親父たちもお義父さんたちも……もちろん、隆司や奥さんも。短冊には記せない願いを、星まで届けるにはあまりに光は遠く感じる。


「お父さんも、家族の一人だろ?」


光が弱いと思った空に、一筋の光が流れては消える。

……一瞬、何が起きたのか理解が出来なかった。


「うわぁ!ゆい、今流れ星見えたよっ」


「えっ、隆くん本当!?」


信じられない言葉に、隆司を凝視する。

それなのに、隆司はゆいちゃんとはしゃいで、一向にその顔を見せてはくれない。まさか、そんなはずはないだろうと思いつつも、期待に早まる心は止められない。嬉しいような……奥さんに申し訳ないような複雑な感情だ。
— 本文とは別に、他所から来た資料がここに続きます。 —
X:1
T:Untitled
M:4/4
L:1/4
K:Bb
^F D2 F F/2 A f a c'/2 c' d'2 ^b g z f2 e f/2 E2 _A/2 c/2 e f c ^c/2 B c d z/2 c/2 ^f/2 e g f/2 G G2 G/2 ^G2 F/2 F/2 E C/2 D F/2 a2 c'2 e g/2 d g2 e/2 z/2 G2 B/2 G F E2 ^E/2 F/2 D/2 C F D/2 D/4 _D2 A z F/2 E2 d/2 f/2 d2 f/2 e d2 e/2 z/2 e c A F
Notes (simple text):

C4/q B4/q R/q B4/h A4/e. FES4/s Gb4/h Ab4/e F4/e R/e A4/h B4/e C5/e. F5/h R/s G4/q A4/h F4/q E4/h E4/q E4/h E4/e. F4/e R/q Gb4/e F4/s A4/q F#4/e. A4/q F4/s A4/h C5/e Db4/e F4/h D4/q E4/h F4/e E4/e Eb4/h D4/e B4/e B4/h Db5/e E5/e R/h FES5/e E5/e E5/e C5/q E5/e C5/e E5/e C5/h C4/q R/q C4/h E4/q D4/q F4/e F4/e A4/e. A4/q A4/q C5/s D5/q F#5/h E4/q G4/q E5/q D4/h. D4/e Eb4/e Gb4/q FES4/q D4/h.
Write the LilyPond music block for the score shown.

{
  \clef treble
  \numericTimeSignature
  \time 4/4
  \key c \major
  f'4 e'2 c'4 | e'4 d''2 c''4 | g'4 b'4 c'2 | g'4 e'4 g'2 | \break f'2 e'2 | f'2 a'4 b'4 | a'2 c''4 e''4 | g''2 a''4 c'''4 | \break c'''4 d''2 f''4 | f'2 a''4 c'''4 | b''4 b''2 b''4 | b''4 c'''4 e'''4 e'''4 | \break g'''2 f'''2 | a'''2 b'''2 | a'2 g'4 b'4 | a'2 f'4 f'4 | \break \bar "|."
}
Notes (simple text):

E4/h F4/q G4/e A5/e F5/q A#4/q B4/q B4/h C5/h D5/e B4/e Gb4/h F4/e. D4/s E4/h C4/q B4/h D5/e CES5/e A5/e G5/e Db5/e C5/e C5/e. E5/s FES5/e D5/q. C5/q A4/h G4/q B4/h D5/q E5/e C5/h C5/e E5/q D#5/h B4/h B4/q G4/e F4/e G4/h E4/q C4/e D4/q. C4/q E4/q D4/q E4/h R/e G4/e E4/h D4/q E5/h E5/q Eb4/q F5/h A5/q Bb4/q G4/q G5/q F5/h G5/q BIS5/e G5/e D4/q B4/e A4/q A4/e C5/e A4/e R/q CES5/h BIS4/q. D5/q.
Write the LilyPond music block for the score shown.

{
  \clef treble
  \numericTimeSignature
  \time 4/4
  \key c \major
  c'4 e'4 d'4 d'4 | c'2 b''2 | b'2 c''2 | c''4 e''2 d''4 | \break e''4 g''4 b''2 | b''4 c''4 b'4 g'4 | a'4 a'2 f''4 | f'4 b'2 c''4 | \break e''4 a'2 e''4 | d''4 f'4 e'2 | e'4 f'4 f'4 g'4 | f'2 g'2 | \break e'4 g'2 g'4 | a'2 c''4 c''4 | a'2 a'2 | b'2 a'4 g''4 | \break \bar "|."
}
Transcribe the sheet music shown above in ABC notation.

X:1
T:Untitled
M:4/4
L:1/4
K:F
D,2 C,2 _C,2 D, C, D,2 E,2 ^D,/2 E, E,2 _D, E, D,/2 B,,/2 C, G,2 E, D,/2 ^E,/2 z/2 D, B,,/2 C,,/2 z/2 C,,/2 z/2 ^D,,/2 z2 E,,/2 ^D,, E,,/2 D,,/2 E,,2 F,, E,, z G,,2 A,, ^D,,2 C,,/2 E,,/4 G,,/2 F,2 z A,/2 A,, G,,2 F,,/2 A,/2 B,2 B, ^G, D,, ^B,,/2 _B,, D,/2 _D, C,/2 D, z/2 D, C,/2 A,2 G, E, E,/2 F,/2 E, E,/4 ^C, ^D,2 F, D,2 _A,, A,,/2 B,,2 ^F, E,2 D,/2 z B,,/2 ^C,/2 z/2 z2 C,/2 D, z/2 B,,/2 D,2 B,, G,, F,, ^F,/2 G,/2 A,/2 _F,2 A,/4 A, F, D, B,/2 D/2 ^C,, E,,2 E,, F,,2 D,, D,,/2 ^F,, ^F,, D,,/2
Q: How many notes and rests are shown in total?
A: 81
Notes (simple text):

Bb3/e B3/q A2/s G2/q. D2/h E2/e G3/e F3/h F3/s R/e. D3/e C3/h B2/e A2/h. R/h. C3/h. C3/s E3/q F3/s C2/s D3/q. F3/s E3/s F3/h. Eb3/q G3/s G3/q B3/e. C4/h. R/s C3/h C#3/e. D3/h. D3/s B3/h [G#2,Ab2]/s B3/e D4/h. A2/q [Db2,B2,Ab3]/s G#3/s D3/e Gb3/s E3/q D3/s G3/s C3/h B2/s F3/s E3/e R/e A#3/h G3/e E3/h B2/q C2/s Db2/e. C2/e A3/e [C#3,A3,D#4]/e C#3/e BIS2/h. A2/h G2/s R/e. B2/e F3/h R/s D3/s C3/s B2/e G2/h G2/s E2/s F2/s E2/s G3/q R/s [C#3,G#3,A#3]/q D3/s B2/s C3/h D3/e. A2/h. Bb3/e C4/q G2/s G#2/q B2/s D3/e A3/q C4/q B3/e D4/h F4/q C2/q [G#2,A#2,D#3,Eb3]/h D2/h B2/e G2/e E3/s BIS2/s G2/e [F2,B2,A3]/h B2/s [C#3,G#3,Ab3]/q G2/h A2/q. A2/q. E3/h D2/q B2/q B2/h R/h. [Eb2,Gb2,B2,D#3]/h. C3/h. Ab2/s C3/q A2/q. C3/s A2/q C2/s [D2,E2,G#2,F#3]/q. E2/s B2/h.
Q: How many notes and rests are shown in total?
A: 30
散々、彼女が隆司を心配しているのは分かっているのに。『見えない』不可思議な世界の悪影響を受けはしないかと、悩みつつも俺を許そうとしていることを知っているのに。


『隆司……?』


「うわぁー!私も流れ星みたかったー。ところで隆司くんは、なんてお願いしたの?」


「どうか家族がみんな、幸せに過ごせますようにって」


「ふぅーん、じゃあ短冊には?」


「……何気なく聞いたつもりかもしれないけど、そんな手には引っかからないから」


「ちょっとくらい教えてくれてもいいのにー。隆くんのけち!」


「黙っていないと、願い事は叶わないんだからしょうがないだろ!」


きゃーきゃー騒ぎながら、二人が中へと戻っていく。

俺はしばらく、突然静かになった部屋で一人、星のきらめきを浴びながら動けずにいた。